**Assignment:** Once the line holding "57. Preben Fabricius" is found in the entries below, transcribe exactly every line up to and including the one holding "Nike Zoom Soldier", but leave out the pictures.

**Provided records:**
- Opening Delimiter -

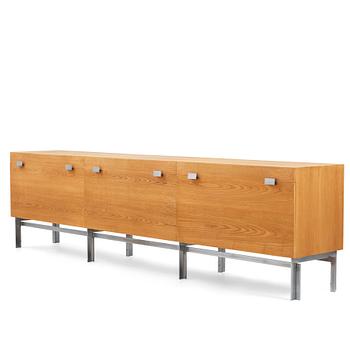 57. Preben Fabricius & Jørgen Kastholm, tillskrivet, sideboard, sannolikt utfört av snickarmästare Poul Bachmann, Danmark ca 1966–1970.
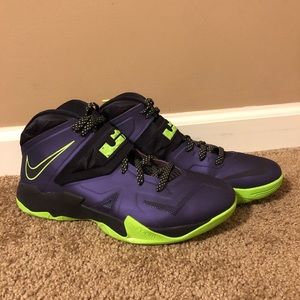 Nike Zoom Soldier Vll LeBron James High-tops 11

- Closing Delimiter -
- Opening Delimiter -

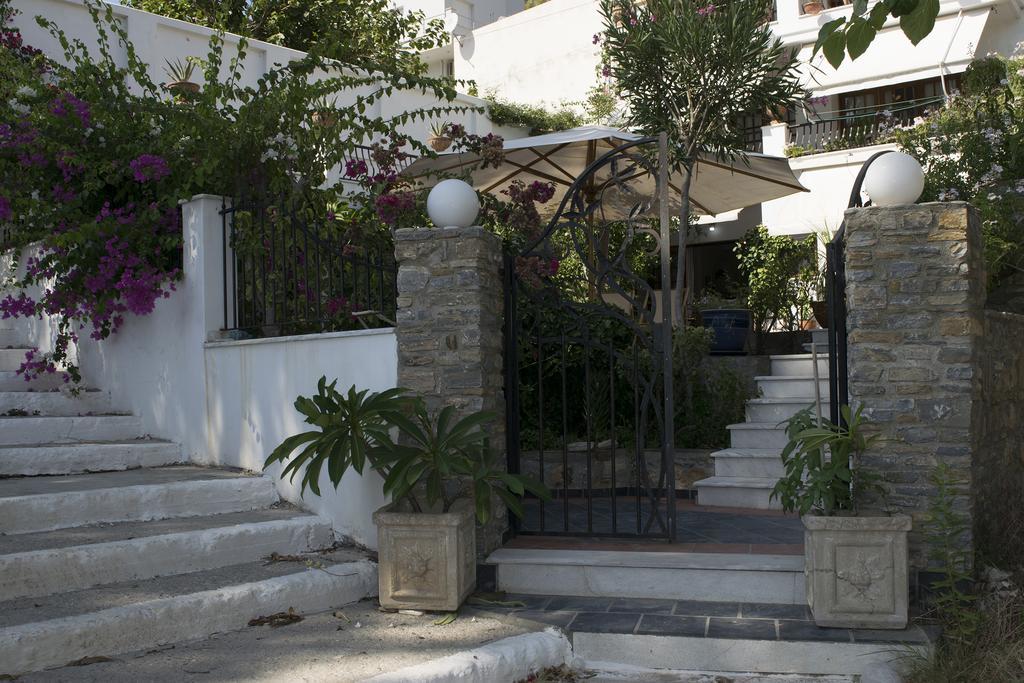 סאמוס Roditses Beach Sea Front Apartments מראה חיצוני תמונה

- Closing Delimiter -
- Opening Delimiter -

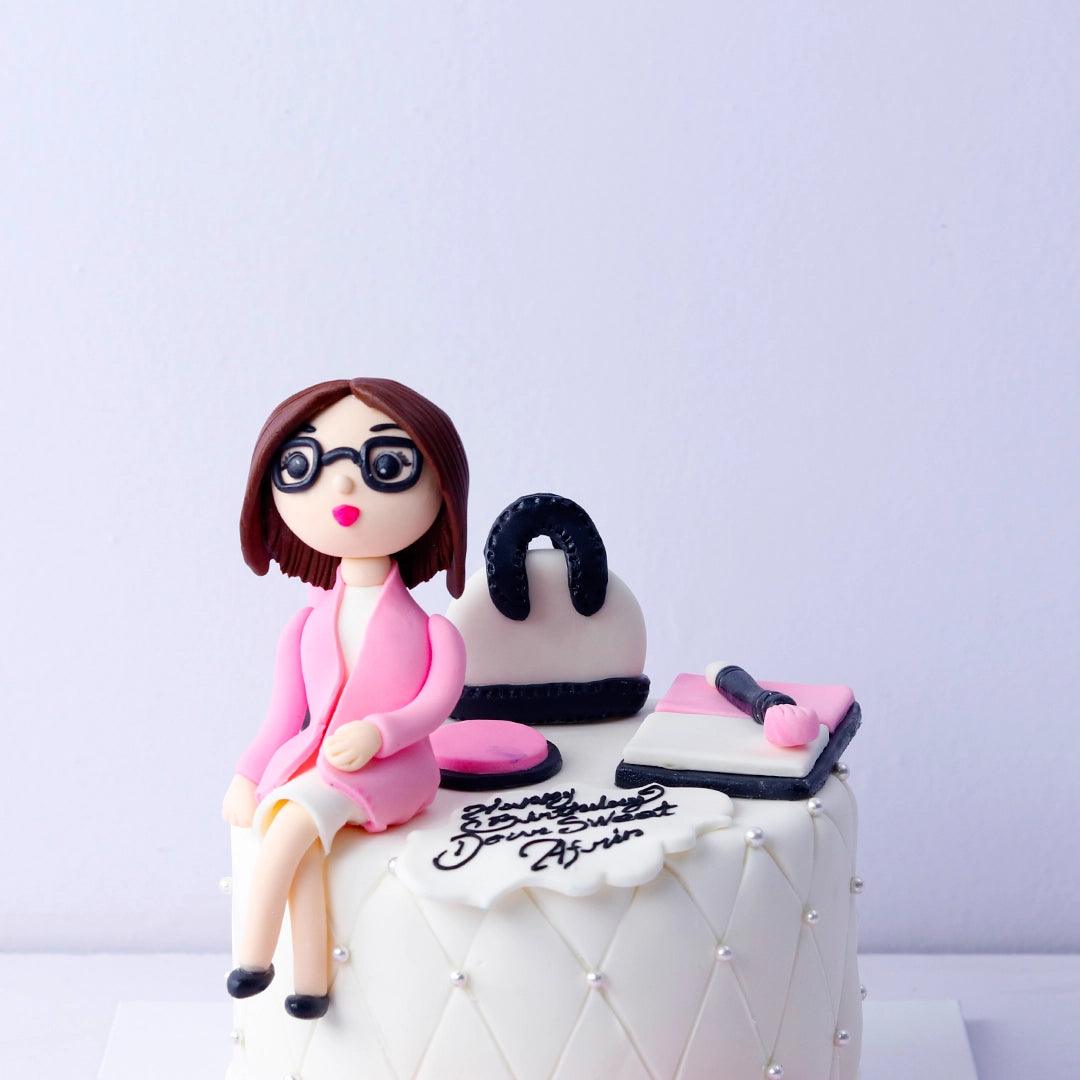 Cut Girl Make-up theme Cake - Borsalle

- Closing Delimiter -

**Task answer:**
 57. Preben Fabricius & Jørgen Kastholm, tillskrivet, sideboard, sannolikt utfört av snickarmästare Poul Bachmann, Danmark ca 1966–1970.
 Nike Zoom Soldier Vll LeBron James High-tops 11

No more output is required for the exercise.